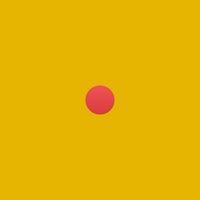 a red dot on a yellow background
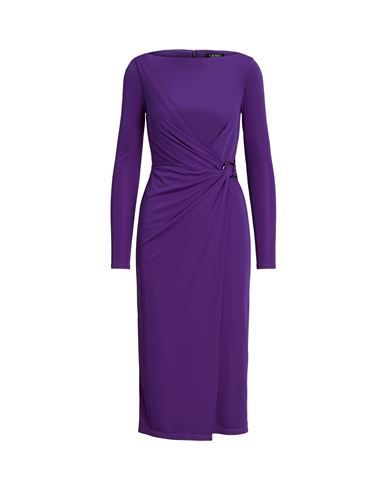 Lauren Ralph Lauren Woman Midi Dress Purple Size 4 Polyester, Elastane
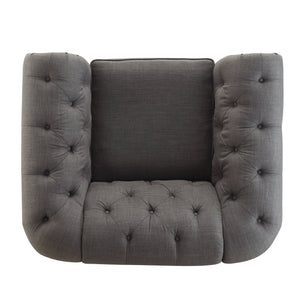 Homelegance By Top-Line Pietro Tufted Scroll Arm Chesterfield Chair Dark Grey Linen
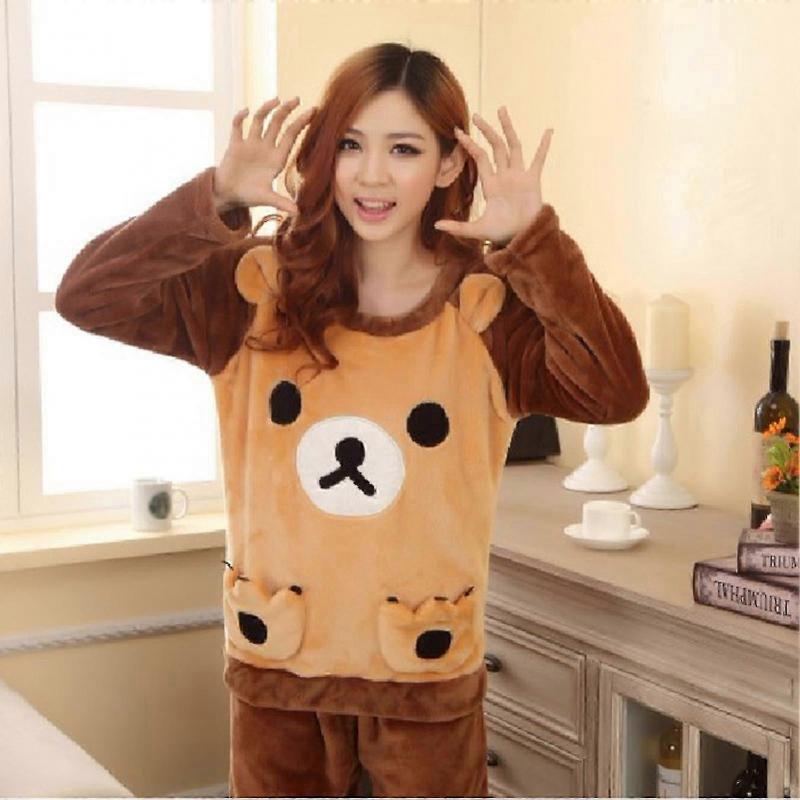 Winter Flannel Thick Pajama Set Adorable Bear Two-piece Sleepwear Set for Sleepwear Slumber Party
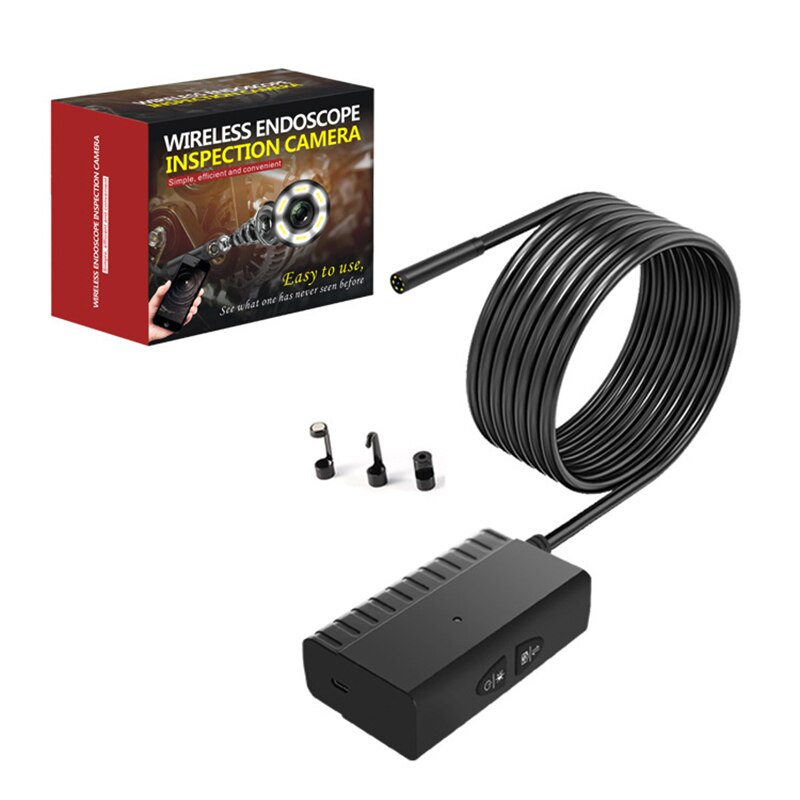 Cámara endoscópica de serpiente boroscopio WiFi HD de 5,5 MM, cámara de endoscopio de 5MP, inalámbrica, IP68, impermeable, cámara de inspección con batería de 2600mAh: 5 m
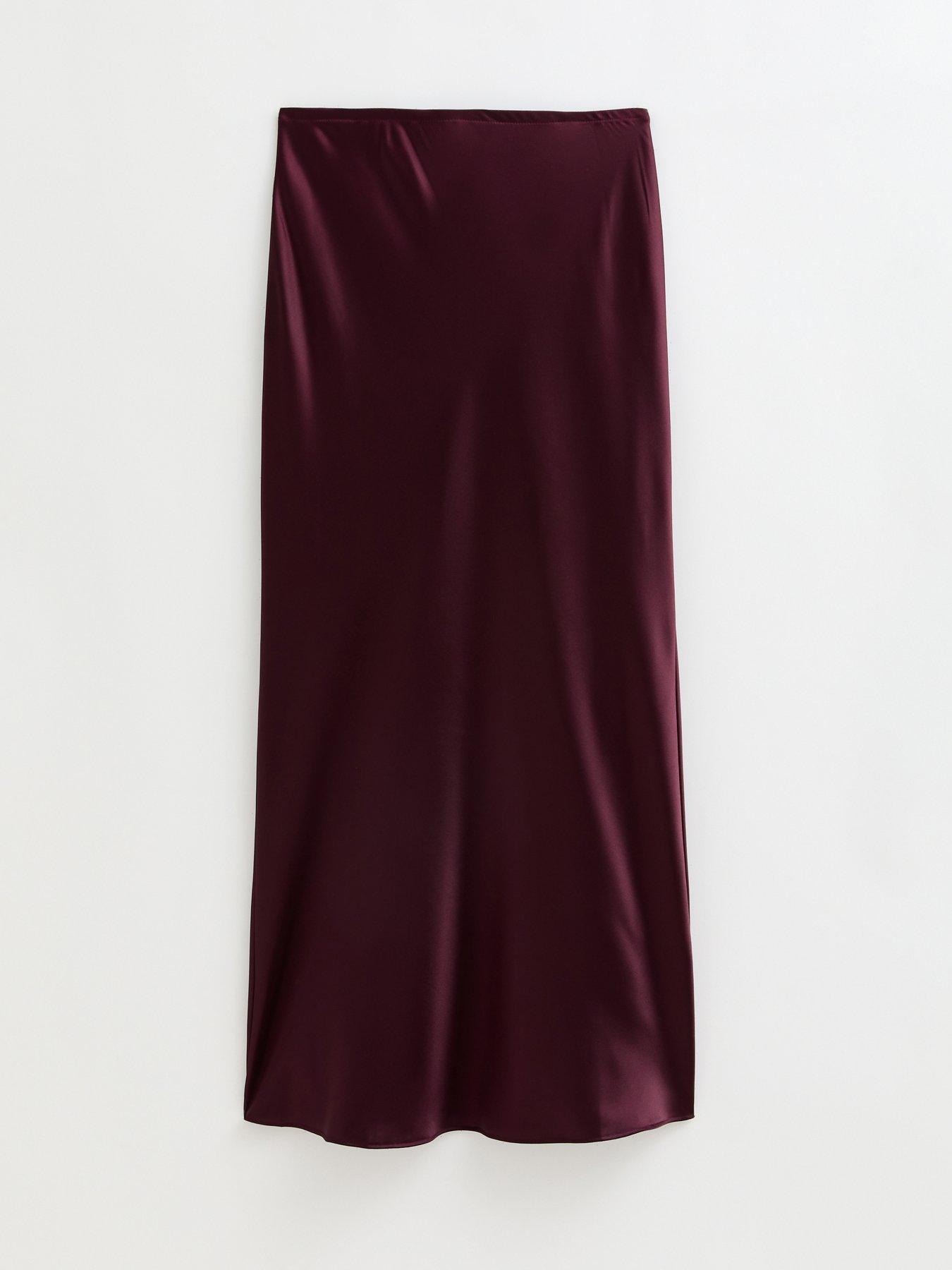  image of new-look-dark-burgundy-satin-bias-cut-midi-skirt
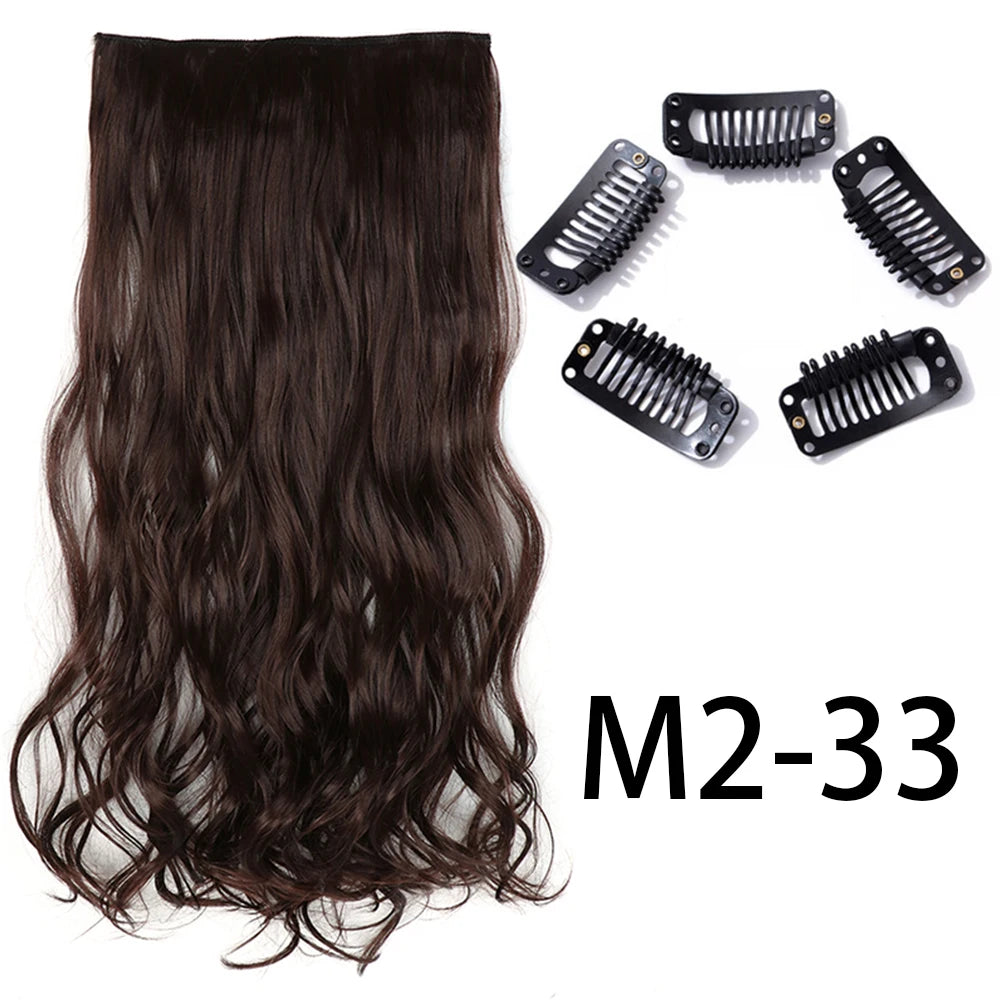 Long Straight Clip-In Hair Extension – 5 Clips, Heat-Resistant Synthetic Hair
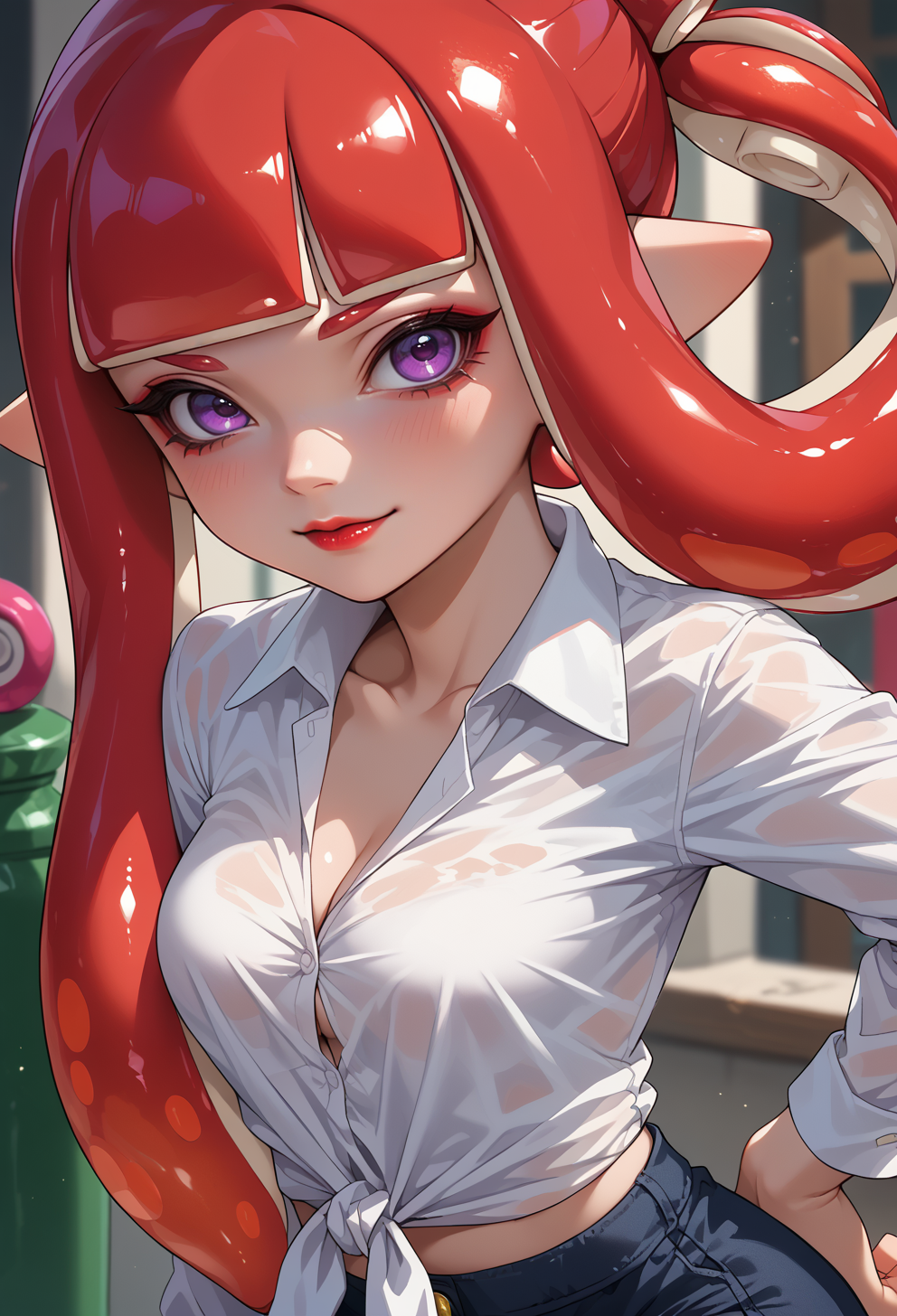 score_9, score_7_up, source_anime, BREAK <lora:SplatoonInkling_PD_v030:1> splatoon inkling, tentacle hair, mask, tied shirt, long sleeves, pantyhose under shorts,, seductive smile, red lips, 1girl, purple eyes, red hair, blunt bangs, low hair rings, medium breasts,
+ + +
- _Assignment_
Output only the lines running from the top of the data above to the line with "Cámara endoscópica de", inclusive, word for word and without pictures.

- _Your response_
 a red dot on a yellow background
 Lauren Ralph Lauren Woman Midi Dress Purple Size 4 Polyester, Elastane
 Homelegance By Top-Line Pietro Tufted Scroll Arm Chesterfield Chair Dark Grey Linen
 Winter Flannel Thick Pajama Set Adorable Bear Two-piece Sleepwear Set for Sleepwear Slumber Party
 Cámara endoscópica de serpiente boroscopio WiFi HD de 5,5 MM, cámara de endoscopio de 5MP, inalámbrica, IP68, impermeable, cámara de inspección con batería de 2600mAh: 5 m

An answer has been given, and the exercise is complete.